I wonder whether the fact that each respondent may choose up to three
dichotomous variables has any influence on this. It depends, I surmise, on
the way you want to treat those data.
(a) you may treat each CHOICE as one case. In this fashion, there would be
one case (one row in the dataset) for each combination of respondent and
choice, with up to three (but not necessarily three) choices per respondent.
In this case, my above advice works, although its analysis may require a
two-level model to distinguish between intra- and inter- respondent effects.
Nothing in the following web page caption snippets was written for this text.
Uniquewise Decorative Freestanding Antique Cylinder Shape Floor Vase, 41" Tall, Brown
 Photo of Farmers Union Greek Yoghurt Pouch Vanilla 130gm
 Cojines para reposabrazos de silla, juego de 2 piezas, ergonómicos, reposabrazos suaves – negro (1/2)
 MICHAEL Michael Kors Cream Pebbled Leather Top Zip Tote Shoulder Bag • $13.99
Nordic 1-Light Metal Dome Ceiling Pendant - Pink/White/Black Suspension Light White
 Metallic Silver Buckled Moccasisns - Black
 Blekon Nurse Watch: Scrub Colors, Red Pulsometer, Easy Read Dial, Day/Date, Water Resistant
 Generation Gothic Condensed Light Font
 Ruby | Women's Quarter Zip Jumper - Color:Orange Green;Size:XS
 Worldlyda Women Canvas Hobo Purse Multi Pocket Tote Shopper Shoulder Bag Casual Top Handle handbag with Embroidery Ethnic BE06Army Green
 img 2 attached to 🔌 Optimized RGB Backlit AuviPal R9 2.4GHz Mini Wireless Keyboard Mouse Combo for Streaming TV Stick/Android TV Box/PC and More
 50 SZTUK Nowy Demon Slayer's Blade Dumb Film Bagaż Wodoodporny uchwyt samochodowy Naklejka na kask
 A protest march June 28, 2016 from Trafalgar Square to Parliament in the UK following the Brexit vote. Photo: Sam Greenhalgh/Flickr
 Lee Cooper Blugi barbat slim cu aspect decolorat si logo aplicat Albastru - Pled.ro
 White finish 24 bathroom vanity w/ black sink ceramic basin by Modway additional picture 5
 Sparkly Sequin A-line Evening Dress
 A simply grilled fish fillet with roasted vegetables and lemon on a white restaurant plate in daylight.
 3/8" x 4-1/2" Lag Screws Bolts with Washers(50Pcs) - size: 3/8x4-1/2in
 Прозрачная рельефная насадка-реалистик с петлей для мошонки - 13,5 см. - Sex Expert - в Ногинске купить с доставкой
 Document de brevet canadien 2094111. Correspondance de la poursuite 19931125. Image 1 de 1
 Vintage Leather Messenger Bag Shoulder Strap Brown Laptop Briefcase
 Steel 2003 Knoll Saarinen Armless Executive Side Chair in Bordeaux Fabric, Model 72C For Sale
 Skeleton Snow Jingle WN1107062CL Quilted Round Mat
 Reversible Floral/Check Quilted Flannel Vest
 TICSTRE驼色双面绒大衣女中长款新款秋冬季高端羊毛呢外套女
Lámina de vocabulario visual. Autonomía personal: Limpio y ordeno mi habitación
(b) you may treat each RESPONDENT as a case. In this option, you may have
different COMBINATIONS of responses per respondent. The maximum number (all
combinations of three out of 12) is probably much higher than the number of
respondents in your sample, and thus only a small proportion of all
combinations will show up. These observed combinations may be treated as a
NOMINAL multy-category variable, with many values. For this kind of approach
CATPCA would be appropriate, but I caution that the number of distinct
combinations observed must not be large (with N respondents and M observed
combinations, you have N-M-1 degrees of freedom, which may result in a
fairly low number, thus invalidating the results in statistical terms.) If
only a few response patterns are observed, and the number of respondents is
comparatively very large, you'd be OK, but beware of too many choices and
too few subjects.
Hector
-----Mensaje original-----
De: SPSSX(r) Discussion [mailto:
[hidden email]] En nombre de ftr
Enviado el: Friday, July 08, 2011 11:13
Para:
[hidden email]
Asunto: PCA for dichotomous data
Hello,
Eurobarometer 66.1 provides data on social values which I would like to
use, with other influences, to explain church going.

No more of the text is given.